Following the development of a successful prototype, manufacturing would be conducted in partner facilities in China. The manufacturing facilities require a six-month lead-time for retooling and component sourcing for the EW and twelve months for the GPS solution.
If a successful EW prototype was developed by Dec 2019, production could commence in July 2020. However, if the prototype development for the EW solution took until June 2020, then production could commence in Jan 2021. Shorten estimates the retooling and production line set-up costs for the EW solution to be $1.25m. EW units are expected to sell for between $3500 and $4500.
If a successful GPS prototype was developed by Dec 2019, production could commence in Jan 2021. However, if the prototype development for the GPS solution took until December 2020, then production would not commence until Jan 2022. Shorten estimates the retooling and production line set-up costs for the GPS solution to be $2.7m. GPS units are expected to sell for between $14000 and $16000.
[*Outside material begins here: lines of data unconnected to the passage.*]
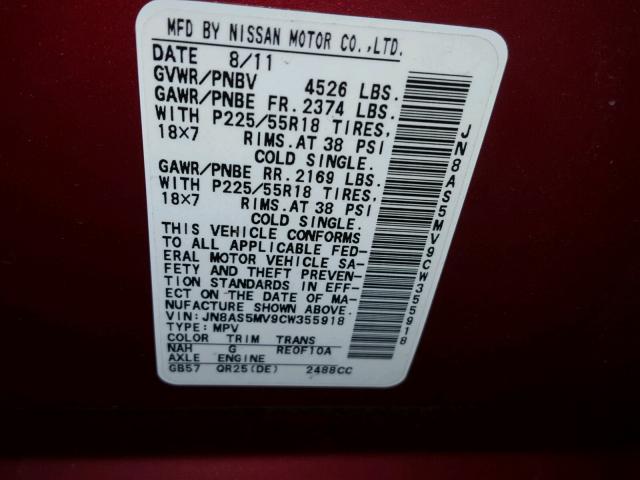 JN8AS5MV9CW355918 - 2012 NISSAN ROGUE S RED photo 10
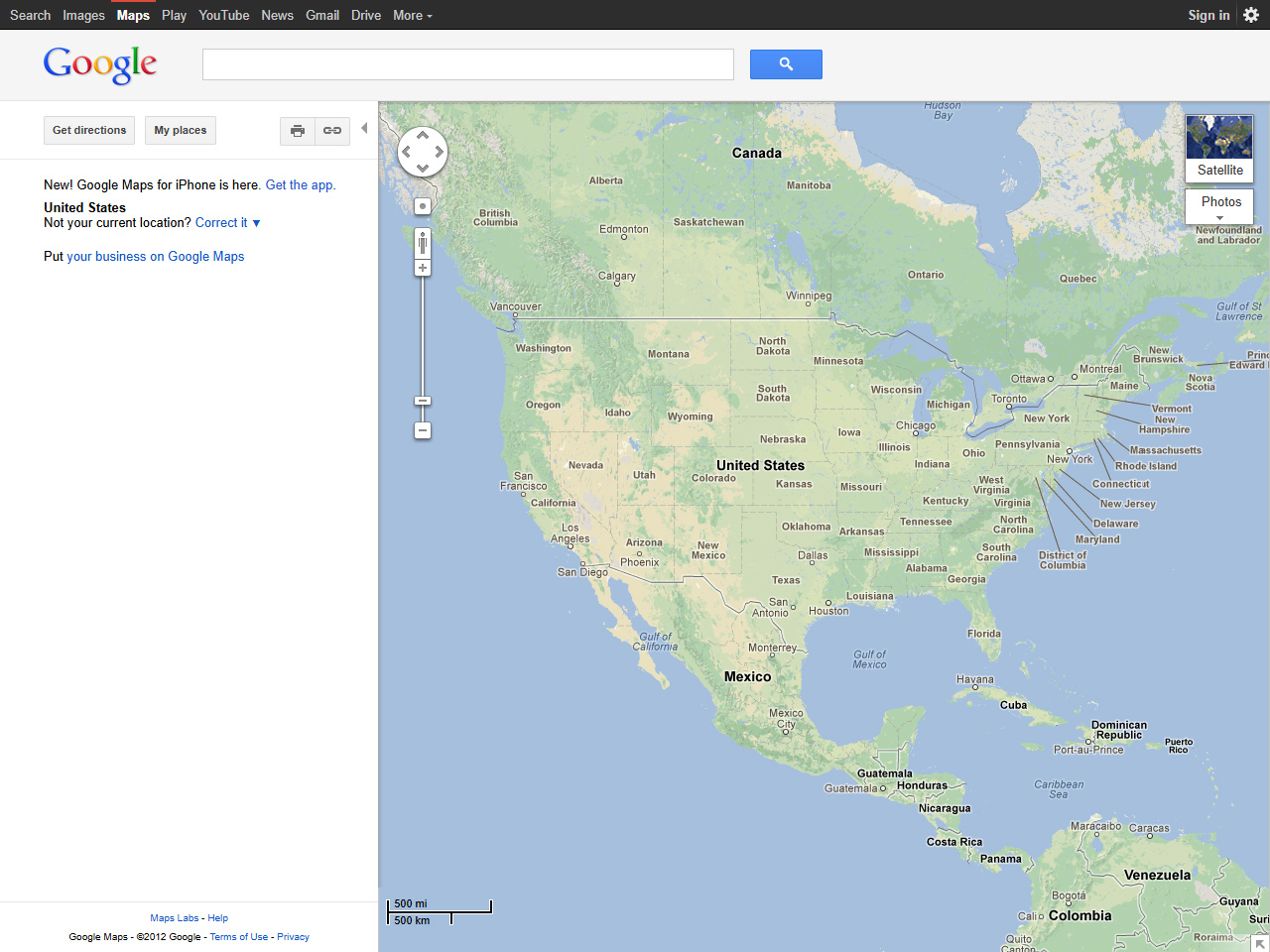 Google Maps website in 2012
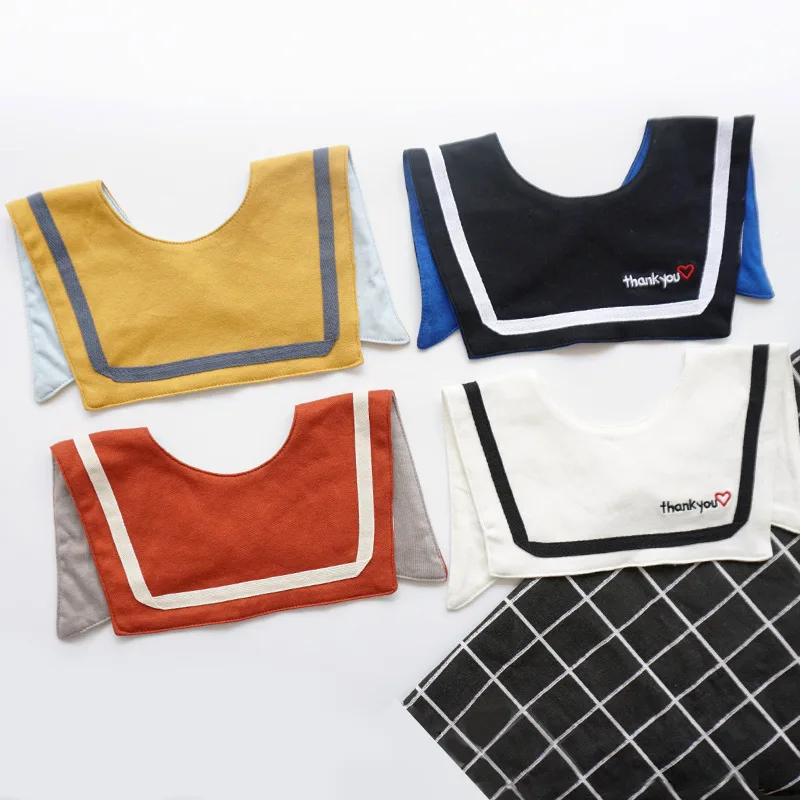 

Ins Campus Style Infant Baby Bib Square Cotton Baby Saliva Towel Children's Fake Collar Bib 0-2 Years Old Korean Style
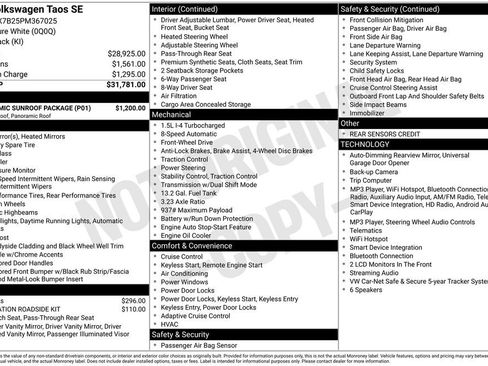 Used 2023 Volkswagen Taos SE w/ Panoramic Sunroof Package FWD image 2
Sales of the RLM19 would be supported by a major advertising and marketing campaign at trade shows, direct to grounds maintenance contractors, councils and other owners of golf courses, airfields and playing fields. This would be conducted especially in the first few months after its launch, demonstrating the major cost saving benefits. In order to estimate the sales that would result, extensive use has been made of market research, economic and industry-wide data. A key threat is the development of competitive products by leading mower manufacturers and new entrants with robotics and electric motor technologies.
To simplify the problem, the management team has decided to estimate sales under two different market conditions: Good, and Poor. These conditions can be assumed to prevail through the entire life of the product. The probabilities of these conditions prevailing are thought to depend to some extent on how quickly the product can be launched since an early launch will give Catanza an edge over potential competitors. The Marketing Department has estimated the following probabilities:
Market Conditions Prevailing | Good | Poor |
Month Production Commences | ||
July 2020 | 0.8 | 0.2 |
January 2021 | 0.65 | 0.35 |
January 2022 | 0.5 | 0.5 |
It has been decided to use a 6-year planning horizon (i.e. up to December 2025) since technological developments would probably mean that a new model would be required for the market for later years. The tables below show the estimated net cash flows which will occur during the years of the product’s life.
EW – Good | EW – Poor | GPS – Good | GPS – Poor | |
1st Year | $6m | $2m | $10m | $4m |
2nd Year | $9m | $4m | $16m | $7m |
3rd Year | $12m | $6m | $18m | $9m |
4th Year | $16m | $7m | $22m | $11m |
5th Year ** | $18m | $9m | $26m | $13m |
** If required
In the event of the either prototype development being cancelled it can be expected that the intellectual property associated with the research output will have no residual value.
The company’s cost of capital is estimated to be 8%. For simplicity, it can be assumed that all cash flows occur at the end of the year. Also, the effect of factors like taxation and development grants should be ignored.
Assessment Submission Requirements:
- Produce a report addressing the 2 questions – text, illustrations, diagrams and calculations – supported by reference to the sources of information and theoretical frameworks of understanding.